Indústria gaúcha projeta alta nos investimentos em 2025, com maior otimismo em cinco anos
Levantamento da FIERGS mostra que 75% das empresas planejam investir no próximo ano, impulsionadas pela inovação, valorização do capital humano e resiliência pós-enchentes
A indústria do Rio Grande do Sul dá sinais claros de retomada e otimismo. A Pesquisa de Investimento 2024-2025, divulgada nesta terça-feira (22) pela Federação das Indústrias do Rio Grande do Sul (FIERGS), revela que 75% das empresas do setor industrial – abrangendo os segmentos extrativo, transformação e construção – pretendem investir em 2025. O número é o mais alto dos últimos cinco anos e representa um salto de 13,7 pontos percentuais em relação à intenção captada na última edição do levantamento, realizada em dezembro de 2023.
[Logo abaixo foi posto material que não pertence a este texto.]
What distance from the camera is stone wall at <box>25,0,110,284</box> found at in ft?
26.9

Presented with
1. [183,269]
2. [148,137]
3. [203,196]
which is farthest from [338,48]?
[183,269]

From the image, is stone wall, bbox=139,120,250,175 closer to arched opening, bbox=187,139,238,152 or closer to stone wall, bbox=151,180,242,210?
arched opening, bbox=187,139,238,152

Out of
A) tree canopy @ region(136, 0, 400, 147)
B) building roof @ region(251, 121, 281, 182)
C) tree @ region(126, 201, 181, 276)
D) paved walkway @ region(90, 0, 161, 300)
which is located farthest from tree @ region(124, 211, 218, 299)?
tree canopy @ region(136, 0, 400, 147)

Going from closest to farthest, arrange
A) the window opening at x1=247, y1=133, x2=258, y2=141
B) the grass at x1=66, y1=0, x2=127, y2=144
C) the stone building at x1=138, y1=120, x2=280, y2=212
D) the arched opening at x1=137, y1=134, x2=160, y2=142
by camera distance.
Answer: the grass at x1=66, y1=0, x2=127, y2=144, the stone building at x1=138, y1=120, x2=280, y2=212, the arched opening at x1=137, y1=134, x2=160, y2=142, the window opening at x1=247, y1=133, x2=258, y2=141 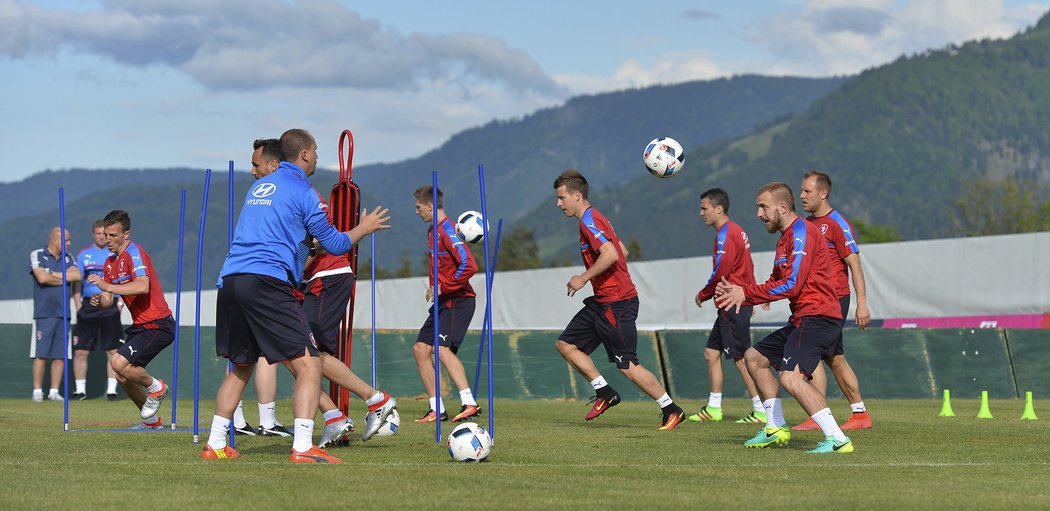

O estudo, realizado entre 6 e 17 de janeiro de 2025, ouviu 171 empresas (41 pequenas, 59 médias e 71 grandes). Os resultados indicam que 74,3% das indústrias já conseguiram investir em 2024, mesmo diante das dificuldades enfrentadas, especialmente pelas consequências das fortes enchentes do ano passado.
Segundo o presidente da FIERGS, Claudio Bier, os números revelam a força do setor:
“Os resultados confirmam a resiliência do gaúcho, que apesar de todas as dificuldades provocadas pela tragédia das enchentes, consegue se reerguer. Muitas indústrias foram reconstruídas do zero, mas a disposição para investir se manteve e até cresceu.”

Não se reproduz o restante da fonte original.